[FLINK-16497][FLINK-16496][FLINK-16495][connectors] Improve default flush strategy for JDBC/Elasticsearch/HBase sink for better out-of-box #12536

wuchong · 2020-06-09T02:59:41Z

What is the purpose of the change

As discussed in the JIRA issue (mainly in FLINK-16497), the current flush behavior is depending on a large buffer size, but no flush interval which lead to no outputs.

Brief change log

JDBC:

sink.buffer-flush.max-rows = 100  // previous: 5000
sink.buffer-flush.interval = 1s // previous: disabled

HBase:

sink.buffer-flush.max-size = 2mb // previous: 2mb
sink.buffer-flush.max-rows = 1000 // previous: disabled
sink.buffer-flush.interval = 1s // previous: disabled

Elasticsearch:

sink.bulk-flush.max-actions = 1000 // previous: 1000
sink.bulk-flush.max-size = 2mb // previous: 5mb
sink.bulk-flush.interval = 1s // previous: disabled

All the options can be disabled by setting to 0.

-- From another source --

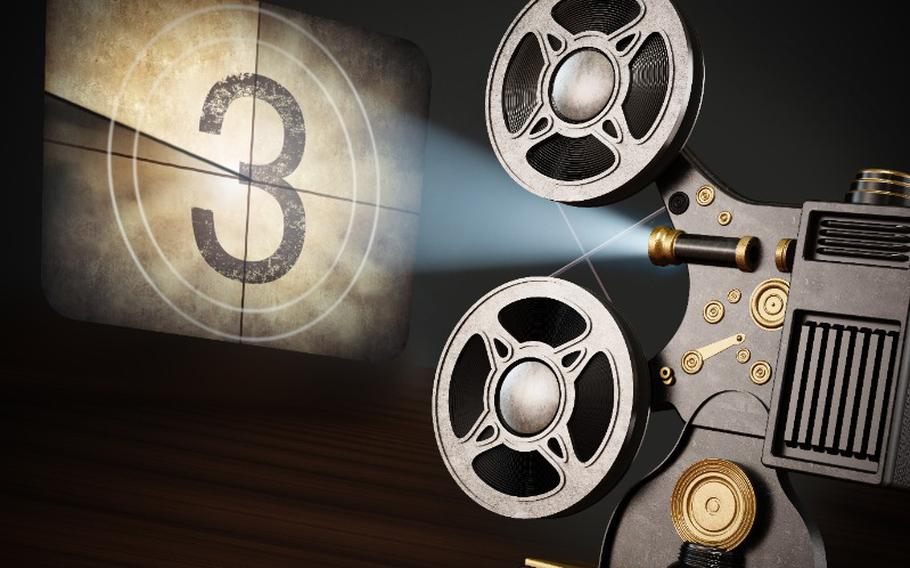 Vintage movie projector projects countdown screen.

Does this pull request potentially affect one of the following parts:

Dependencies (does it add or upgrade a dependency): (yes / no)
The public API, i.e., is any changed class annotated with @Public(Evolving): (yes / no)
The serializers: (yes / no / don't know)
The runtime per-record code paths (performance sensitive): (yes / no / don't know)
Anything that affects deployment or recovery: JobManager (and its components), Checkpointing, Yarn/Mesos, ZooKeeper: (yes / no / don't know)
The S3 file system connector: (yes / no / don't know)

Documentation

Does this pull request introduce a new feature? (yes / no)
If yes, how is the feature documented? (not applicable / docs / JavaDocs / not documented)

wuchong · 2020-06-09T03:00:22Z

cc @dawidwys for the Elasticsearch part.

flinkbot · 2020-06-09T03:03:05Z

Thanks a lot for your contribution to the Apache Flink project. I'm the @flinkbot. I help the community
to review your pull request. We will use this comment to track the progress of the review.

Automated Checks

Last check on commit 64dd9b7 (Tue Jun 09 03:03:05 UTC 2020)

✅no warnings

_{Mention the bot in a comment to re-run the automated checks.}

Review Progress

❓ 1. The [description] looks good.
❓ 2. There is [consensus] that the contribution should go into to Flink.
❓ 3. Needs [attention] from.
❓ 4. The change fits into the overall [architecture].
❓ 5. Overall code [quality] is good.

Please see the Pull Request Review Guide for a full explanation of the review process.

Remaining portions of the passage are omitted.